It’s easy to be white, Christian, LDS, and heterosexual in America. And as one of those people, it’s easy to become afraid of the “others.” You don’t understand. You think, “What is wrong them? Why can’t they just be like us?” without understanding the underlying foundations that have disadvantaged them from the get-go, often foundations that the white majority put in place.
We reject, overlook, and hurt these minorities and then are shocked when they want change. When they want equality. When they want reparations for the harm we have caused, often without even knowing it.
Repent? Us?
As white Latter-day Saints, we rally around the concept of repentance but balk when we are asked to make amends for harm our race or religion have caused. We feel as if we are being repressed when asked to change and not harm them anymore.
But it’s not enough to think you are not racist. It’s not enough to be nice. What are you proactively doing to help your neighbors, the “Samaritans” (the others) in our own country? What are you doing to repent of the wrongs that have been done by your people to others?
Fear and Stability
So many white Americans and white LDS Americans support and vote for Trump. It makes sense. They are afraid. Listen to the RNC right now. It’s horrifying. They fear “Antifa.” They fear black people. They fear poor people. They don’t want them moving into “their” neighborhoods. They do not want immigrants coming and taking “their” jobs.
They forget our violent colonization of this land.
They forget their own immigrant ancestors.
They forget “the captivity of [their] fathers.”
Protestors don’t want your suburban “paradise.” They don’t want your cookie cutter lawns and houses. They don’t care about that. They want to be able to live without fear of being discriminated against, killed, or otherwise harmed. They want an equal chance to have the same things that you take for granted—home loans, education, food, health care. They want life, liberty, and the pursuit of happiness—things that the white majority so often have taken from them or prevented them from having.
“Not me,” you say. “I’m not like that.” And then you vote for Trump? Why? Because he has your back. Because he will lower your taxes, you who make more than enough money to feed and house your family. Because he will “protect you” from these enemies that don’t actually exist.
“the thing you fear never happens”
In order to overcome OCD, we have to learn to tolerate uncertainty. We have to learn to live with fear. And 99% of the time, the thing we fear isn’t even real. It never happens.

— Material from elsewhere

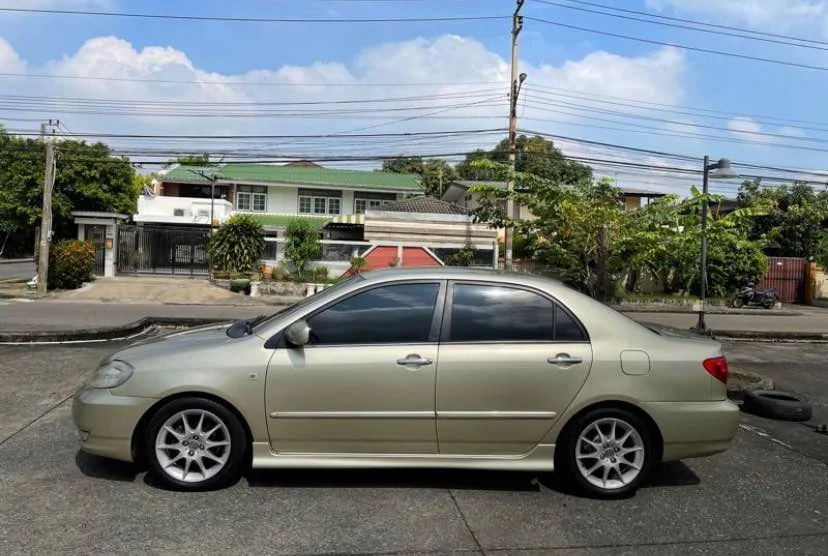 2003 Toyota Corolla Altis IX (E120) 3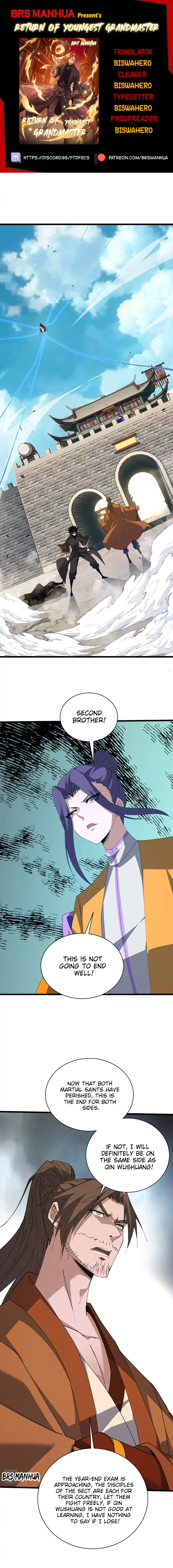 Fighting Again For A Lifetime (Return of the Youngest Grandmaster) chapter 60 page 1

This is true for Trump supporters too. The “democrats” aren’t going to push you into communism. They aren’t going to force you to live life in a way that will negate your being. They aren’t some big bad wolf that wants to blow your house down. These are lies. These fears aren’t real. Uncertainty is a reality. But we survive. We thrive when we accept it.

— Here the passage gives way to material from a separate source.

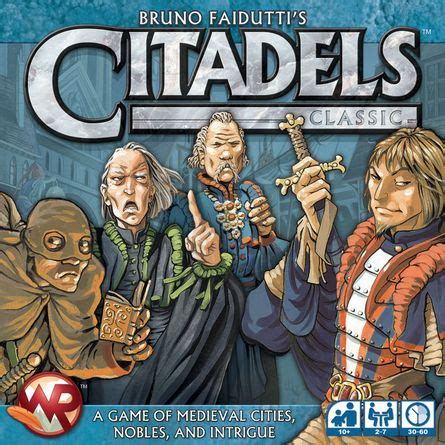 Citadels | Board Game | BoardGameGeek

A lot of people support Trump because they are looking out for themselves. Trump looks out for himself too. That’s about all he looks out for—him, people like him, or people he knows will support him. Not because he cares about them as people but because he wants to retain power. He doesn’t have a stance. He doesn’t have morals. The GOP doesn’t even have a platform this year.
Or, maybe they support Trump because they are a cop or support the police. Again, this relates to the fear. But even so, Biden isn’t going to demolish cops. Biden actually proposes more funding for police. And anyway, “defunding the police” doesn’t mean abolishing police. Seattle still has police. We have not descended into anarchy.
What would Jesus do?
Didn’t Christ want us to take care of the poor? Didn’t he want us to welcome the naked and the outcast? Wasn’t He a refugee, an immigrant, one of the outcasts Himself? Didn’t He go around giving away free healthcare to all who needed it, not just the rich and well off?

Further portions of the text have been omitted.